Leveraging Electronic Healthcare Record Standards and Semantic Web Technologies for the identification of patient cohorts

(Paper submitted to the Special Focus Issue on Electronic Health Records-Driven Phenotyping @ Journal of the American Medical Informatics Association)

Jesualdo Tomás Fernández-Breis1+*, José Alberto Maldonado2+, Mar Marcos3+, María del Carmen Legaz-García1, David Moner2, Joaquín Torres-Sospedra3, Angel Esteban-Gil4, Begoña Martínez-Salvador3, Monserrat Robles2

+ these authors have contributed equally to this work

  1. Departamento de Informática y Sistemas, Universidad de Murcia, 30100, Murcia, Spain
  2. Biomedical Informatics Group, ITACA Institute, Universidad Politécnica de Valencia Camino de Vera s/n, 46022 Valencia, Spain
  3. Dept. of Computer Engineering and Science, Universitat Jaume I,Av. de Vicent Sos Baynat s/n, 12071 Castellón, Spain
  4. Fundación para la Formación e Investigación Sanitaria, C/ Luis Fontes Pagán nº 9 - 1ª planta, 30003 Murcia, Spain



The secondary use of Electronic Healthcare Records (EHRs) often requires the identification of patient cohorts. In this context, an important problem is the heterogeneity of clinical data sources, which can be overcome with the combined use of standardized information models, Virtual Health Records, and semantic technologies, since each of them contributes to solving aspects related to the semantic interoperability of EHR data. Our main objective is to develop methods allowing for a direct use of EHR data for the identification of patient cohorts leveraging current EHR standards and semantic web technologies.

Materials and Methods

We propose to take advantage of the best features of working with EHR standards and ontologies. Our proposal is based on our previous results and experience working with both technological infrastructures. Our main principle is to perform each activity at the abstraction level with the most appropriate technology available. This means that part of the processing will be performed using archetypes (i.e., data level) and the rest using ontologies (i.e., knowledge level). Our approach will start working with EHR data in proprietary format, which will be first normalized and elaborated using EHR standards and then transformed into a semantic representation, which will be exploited by automated reasoning.
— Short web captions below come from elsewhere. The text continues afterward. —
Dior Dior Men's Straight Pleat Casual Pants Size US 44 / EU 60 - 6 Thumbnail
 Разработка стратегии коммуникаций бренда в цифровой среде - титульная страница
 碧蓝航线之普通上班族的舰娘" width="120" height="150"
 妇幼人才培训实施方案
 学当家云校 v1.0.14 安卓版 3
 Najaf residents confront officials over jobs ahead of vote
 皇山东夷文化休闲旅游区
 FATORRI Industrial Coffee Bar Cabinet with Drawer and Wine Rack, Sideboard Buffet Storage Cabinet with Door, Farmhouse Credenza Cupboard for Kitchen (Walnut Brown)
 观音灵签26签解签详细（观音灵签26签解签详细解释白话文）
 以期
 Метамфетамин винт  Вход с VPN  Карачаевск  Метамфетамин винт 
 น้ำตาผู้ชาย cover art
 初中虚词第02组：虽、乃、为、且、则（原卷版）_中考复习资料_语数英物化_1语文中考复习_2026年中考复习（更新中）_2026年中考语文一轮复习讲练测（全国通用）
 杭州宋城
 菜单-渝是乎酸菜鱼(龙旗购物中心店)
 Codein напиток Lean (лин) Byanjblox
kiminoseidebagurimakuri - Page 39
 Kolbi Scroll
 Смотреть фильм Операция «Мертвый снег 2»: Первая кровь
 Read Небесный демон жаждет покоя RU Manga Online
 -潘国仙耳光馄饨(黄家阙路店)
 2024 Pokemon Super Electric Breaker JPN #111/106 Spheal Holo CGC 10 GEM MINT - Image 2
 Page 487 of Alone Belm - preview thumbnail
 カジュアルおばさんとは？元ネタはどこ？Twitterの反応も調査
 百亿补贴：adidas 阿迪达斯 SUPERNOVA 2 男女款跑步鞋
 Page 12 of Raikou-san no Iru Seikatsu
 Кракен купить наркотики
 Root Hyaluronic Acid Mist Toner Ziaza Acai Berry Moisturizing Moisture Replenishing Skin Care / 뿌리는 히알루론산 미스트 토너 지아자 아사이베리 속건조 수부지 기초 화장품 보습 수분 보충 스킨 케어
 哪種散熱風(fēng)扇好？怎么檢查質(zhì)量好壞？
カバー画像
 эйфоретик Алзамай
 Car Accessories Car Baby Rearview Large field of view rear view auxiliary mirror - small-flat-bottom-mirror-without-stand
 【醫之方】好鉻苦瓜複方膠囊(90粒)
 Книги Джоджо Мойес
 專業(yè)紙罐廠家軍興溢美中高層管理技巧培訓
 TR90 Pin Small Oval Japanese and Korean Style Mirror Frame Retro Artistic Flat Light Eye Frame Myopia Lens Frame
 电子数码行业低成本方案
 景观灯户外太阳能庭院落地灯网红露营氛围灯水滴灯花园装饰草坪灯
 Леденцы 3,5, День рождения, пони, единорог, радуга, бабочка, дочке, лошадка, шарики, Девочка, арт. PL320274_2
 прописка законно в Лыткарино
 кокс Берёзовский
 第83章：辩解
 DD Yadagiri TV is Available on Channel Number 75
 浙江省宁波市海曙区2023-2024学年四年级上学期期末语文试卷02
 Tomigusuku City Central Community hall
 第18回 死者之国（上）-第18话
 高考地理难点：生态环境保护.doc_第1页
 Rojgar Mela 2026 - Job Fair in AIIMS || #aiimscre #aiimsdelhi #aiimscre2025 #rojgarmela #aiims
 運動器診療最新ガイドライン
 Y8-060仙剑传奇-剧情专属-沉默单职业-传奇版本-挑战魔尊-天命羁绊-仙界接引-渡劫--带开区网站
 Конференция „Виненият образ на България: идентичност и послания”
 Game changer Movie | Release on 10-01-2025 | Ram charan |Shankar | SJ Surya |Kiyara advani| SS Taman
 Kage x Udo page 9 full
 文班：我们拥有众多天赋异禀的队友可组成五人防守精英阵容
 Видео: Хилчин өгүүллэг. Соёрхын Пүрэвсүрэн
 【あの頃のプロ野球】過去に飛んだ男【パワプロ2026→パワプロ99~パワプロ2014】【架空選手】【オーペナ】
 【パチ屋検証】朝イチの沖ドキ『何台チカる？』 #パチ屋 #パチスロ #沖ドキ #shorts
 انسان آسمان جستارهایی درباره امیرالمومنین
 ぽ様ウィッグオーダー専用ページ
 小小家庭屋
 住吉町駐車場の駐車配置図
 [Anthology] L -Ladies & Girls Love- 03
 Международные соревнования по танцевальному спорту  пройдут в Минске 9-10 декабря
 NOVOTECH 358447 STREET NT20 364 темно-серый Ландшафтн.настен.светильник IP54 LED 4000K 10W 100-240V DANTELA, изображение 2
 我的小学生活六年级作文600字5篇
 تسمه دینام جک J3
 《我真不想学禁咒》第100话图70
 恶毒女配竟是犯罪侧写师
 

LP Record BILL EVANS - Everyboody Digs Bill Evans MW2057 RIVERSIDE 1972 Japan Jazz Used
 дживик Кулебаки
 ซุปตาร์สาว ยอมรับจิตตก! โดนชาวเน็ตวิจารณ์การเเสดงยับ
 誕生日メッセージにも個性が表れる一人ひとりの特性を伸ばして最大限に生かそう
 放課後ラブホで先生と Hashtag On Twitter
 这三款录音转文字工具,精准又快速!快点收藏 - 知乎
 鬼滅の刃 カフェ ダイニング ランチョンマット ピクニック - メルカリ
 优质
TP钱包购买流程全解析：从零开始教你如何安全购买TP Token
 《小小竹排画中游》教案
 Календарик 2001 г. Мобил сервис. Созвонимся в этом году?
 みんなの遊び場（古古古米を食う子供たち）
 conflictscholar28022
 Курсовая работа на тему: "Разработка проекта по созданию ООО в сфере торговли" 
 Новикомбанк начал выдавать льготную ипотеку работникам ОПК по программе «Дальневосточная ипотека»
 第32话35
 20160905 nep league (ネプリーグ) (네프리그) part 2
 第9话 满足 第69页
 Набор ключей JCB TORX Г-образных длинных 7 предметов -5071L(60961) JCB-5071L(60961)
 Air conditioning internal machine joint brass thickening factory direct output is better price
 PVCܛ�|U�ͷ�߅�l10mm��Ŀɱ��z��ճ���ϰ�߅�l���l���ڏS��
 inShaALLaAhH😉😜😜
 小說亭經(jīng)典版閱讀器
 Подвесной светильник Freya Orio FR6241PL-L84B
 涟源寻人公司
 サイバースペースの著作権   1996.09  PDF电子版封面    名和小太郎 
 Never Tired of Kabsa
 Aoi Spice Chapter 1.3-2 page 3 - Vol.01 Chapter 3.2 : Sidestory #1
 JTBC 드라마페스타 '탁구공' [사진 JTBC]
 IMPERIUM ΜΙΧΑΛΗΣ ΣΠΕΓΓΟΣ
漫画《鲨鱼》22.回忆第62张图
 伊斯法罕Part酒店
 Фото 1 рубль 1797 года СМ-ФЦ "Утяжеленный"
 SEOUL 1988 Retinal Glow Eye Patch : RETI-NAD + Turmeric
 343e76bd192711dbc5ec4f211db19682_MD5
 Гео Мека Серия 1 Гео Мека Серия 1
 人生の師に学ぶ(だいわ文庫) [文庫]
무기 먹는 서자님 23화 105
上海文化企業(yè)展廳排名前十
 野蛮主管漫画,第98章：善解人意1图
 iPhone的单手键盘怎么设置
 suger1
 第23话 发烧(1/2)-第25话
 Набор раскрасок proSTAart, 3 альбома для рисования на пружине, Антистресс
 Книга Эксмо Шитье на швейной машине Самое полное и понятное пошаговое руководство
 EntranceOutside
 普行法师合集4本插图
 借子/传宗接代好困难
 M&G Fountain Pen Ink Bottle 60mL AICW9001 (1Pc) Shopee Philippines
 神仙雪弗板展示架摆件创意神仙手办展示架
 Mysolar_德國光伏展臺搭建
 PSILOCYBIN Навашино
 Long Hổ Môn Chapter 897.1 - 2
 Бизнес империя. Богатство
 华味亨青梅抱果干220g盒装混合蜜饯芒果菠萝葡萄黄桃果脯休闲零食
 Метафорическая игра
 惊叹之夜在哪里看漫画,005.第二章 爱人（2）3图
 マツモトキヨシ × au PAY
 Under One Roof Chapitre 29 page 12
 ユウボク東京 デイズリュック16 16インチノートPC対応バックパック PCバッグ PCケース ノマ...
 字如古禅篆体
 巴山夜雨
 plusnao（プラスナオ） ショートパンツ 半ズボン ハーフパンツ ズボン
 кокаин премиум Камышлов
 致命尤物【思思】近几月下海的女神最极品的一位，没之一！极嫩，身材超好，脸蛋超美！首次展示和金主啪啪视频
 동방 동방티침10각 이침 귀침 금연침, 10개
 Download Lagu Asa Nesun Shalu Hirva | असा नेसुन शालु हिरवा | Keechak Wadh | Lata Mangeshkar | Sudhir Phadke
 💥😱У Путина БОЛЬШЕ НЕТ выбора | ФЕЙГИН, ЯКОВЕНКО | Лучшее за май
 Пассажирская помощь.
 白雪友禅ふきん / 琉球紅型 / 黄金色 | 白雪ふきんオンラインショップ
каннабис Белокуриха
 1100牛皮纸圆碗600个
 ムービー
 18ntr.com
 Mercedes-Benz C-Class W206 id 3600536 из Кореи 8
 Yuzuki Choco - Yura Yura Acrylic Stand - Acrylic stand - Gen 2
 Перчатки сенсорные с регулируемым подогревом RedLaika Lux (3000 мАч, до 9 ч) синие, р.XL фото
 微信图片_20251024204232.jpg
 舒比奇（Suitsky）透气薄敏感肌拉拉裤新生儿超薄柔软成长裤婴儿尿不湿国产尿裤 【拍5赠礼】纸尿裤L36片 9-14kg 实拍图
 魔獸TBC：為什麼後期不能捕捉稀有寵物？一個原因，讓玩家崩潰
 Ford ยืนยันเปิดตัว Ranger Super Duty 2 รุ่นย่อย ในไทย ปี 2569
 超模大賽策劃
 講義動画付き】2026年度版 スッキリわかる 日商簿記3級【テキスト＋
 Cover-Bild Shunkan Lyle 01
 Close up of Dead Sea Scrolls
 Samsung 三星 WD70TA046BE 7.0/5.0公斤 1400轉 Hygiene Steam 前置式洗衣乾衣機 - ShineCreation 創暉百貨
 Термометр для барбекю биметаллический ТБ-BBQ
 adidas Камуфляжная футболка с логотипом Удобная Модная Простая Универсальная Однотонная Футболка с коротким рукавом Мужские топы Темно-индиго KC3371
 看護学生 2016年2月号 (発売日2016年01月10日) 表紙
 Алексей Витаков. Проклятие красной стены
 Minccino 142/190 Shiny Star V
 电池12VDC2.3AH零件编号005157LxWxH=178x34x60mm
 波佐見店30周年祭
We have applied our approach to protocols for colorectal cancer screening. The results comprise the archetypes, ontologies and datasets developed for the standardization and semantic analysis of EHR data. Anonymized real data has been used and the patients have been successfully classified by the risk of developing colorectal cancer.


This work provides new insights in how archetypes and ontologies can be effectively combined for EHR-driven phenotyping. The methodological approach can be applied to other problems provided that suitable archetypes, ontologies and classification rules can be designed.